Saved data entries
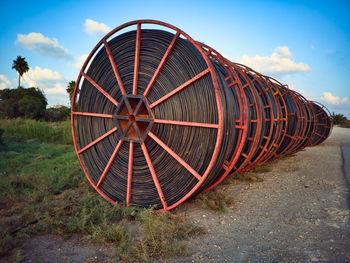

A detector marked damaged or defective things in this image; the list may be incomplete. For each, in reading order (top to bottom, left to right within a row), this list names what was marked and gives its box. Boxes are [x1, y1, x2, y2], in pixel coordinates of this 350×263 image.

rusty metal [69, 19, 332, 212]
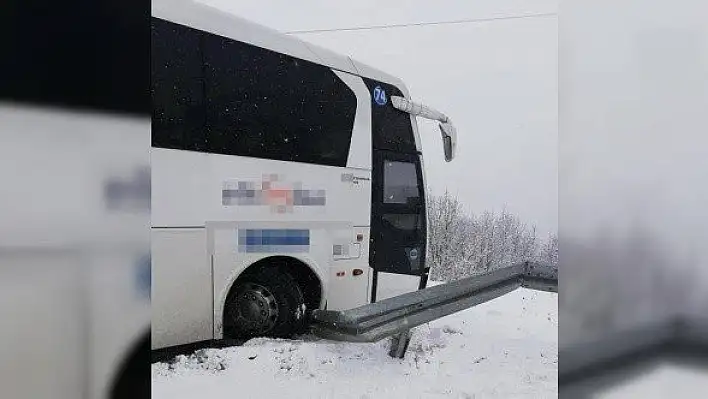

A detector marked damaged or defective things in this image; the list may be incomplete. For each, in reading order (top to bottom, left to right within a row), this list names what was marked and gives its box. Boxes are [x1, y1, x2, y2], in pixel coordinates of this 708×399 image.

damaged guardrail [310, 260, 560, 346]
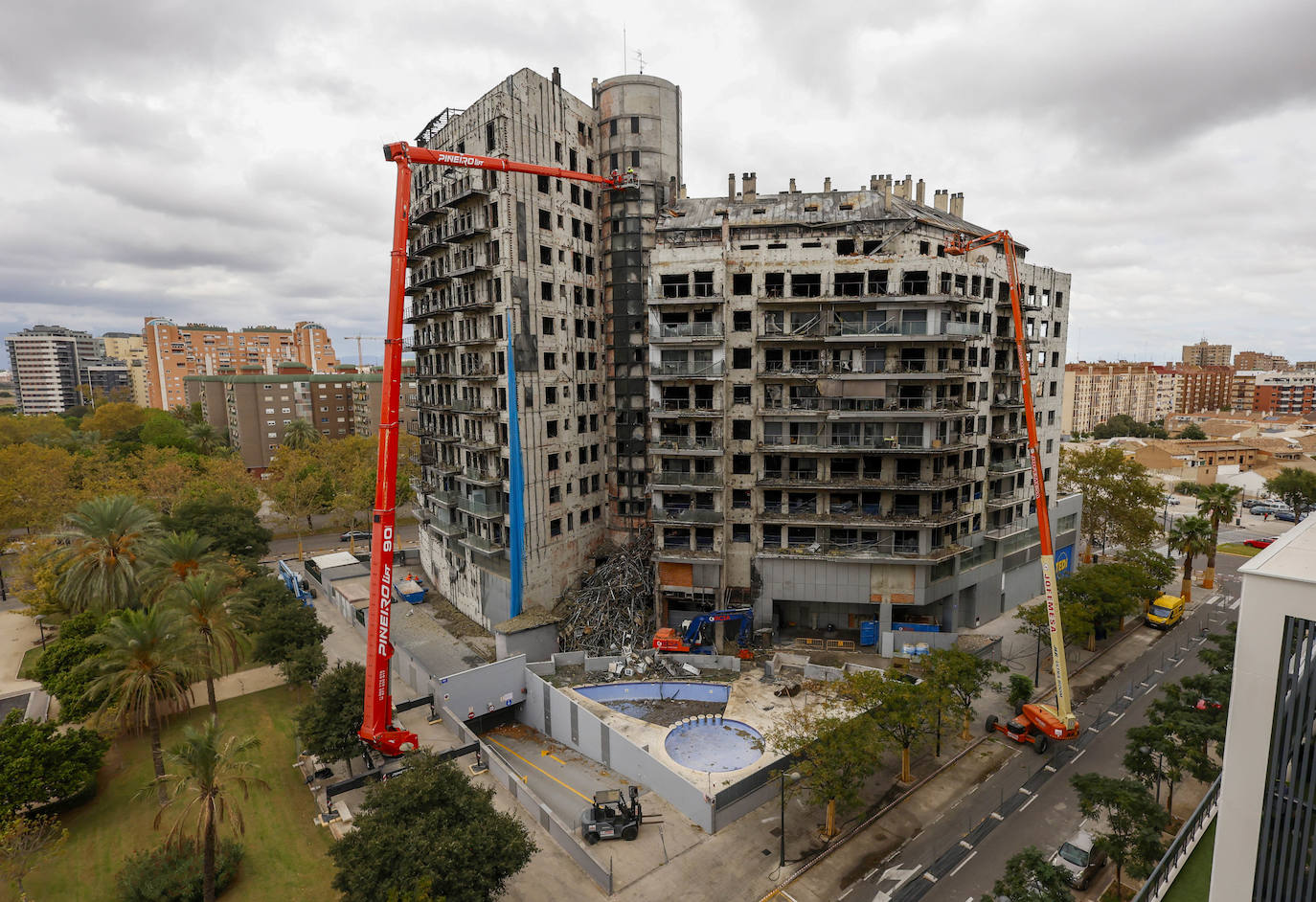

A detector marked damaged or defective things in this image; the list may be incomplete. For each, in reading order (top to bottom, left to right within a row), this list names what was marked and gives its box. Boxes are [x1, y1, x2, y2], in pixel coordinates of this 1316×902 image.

burned apartment building [407, 70, 678, 628]
burned apartment building [402, 67, 1078, 633]
damaged building facade [407, 69, 1078, 636]
burned apartment building [647, 173, 1078, 633]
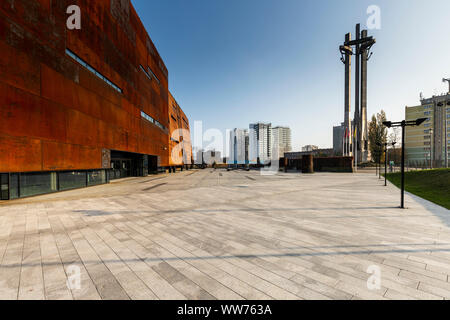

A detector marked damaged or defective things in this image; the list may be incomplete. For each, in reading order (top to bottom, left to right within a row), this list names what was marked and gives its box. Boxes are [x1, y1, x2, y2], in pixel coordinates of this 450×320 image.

Instructions to follow: Omit the pictures. Repeat the rest of the data exactly.

Solved exercise:
A detector marked damaged or defective things in this image; the list may be incomplete. For each, in reading order (top to bottom, left to right within a row), this list names what was marked and gives its box. Boxes are [x1, y1, x2, y2], in pixel coordinates of this 350×263 image.

rusty metal [69, 19, 332, 212]

A detector marked damaged or defective things in this image; the list may be incomplete. For each, in reading order (top to bottom, left to right within a row), this list names what was marked and gives its box. Boxes are [x1, y1, x2, y2], in pixel coordinates of this 708×399 image.

damaged guardrail [310, 260, 560, 346]

A detector marked damaged or defective things in this image; the list may be incomplete. For each, in reading order (top to bottom, left to right within a row), this list names what was marked and gives its box. Boxes are [x1, y1, x2, y2], in pixel coordinates of this 1316×902 image.

burned apartment building [407, 70, 678, 628]
burned apartment building [402, 67, 1078, 633]
damaged building facade [407, 69, 1078, 636]
burned apartment building [647, 173, 1078, 633]

A detector marked damaged or defective things in this image; the list may be incomplete. For each, in reading order (top to bottom, left to right within a row), this list names what was marked and gives its box. Boxes are [x1, y1, x2, y2], in pixel coordinates of this 450×320 image.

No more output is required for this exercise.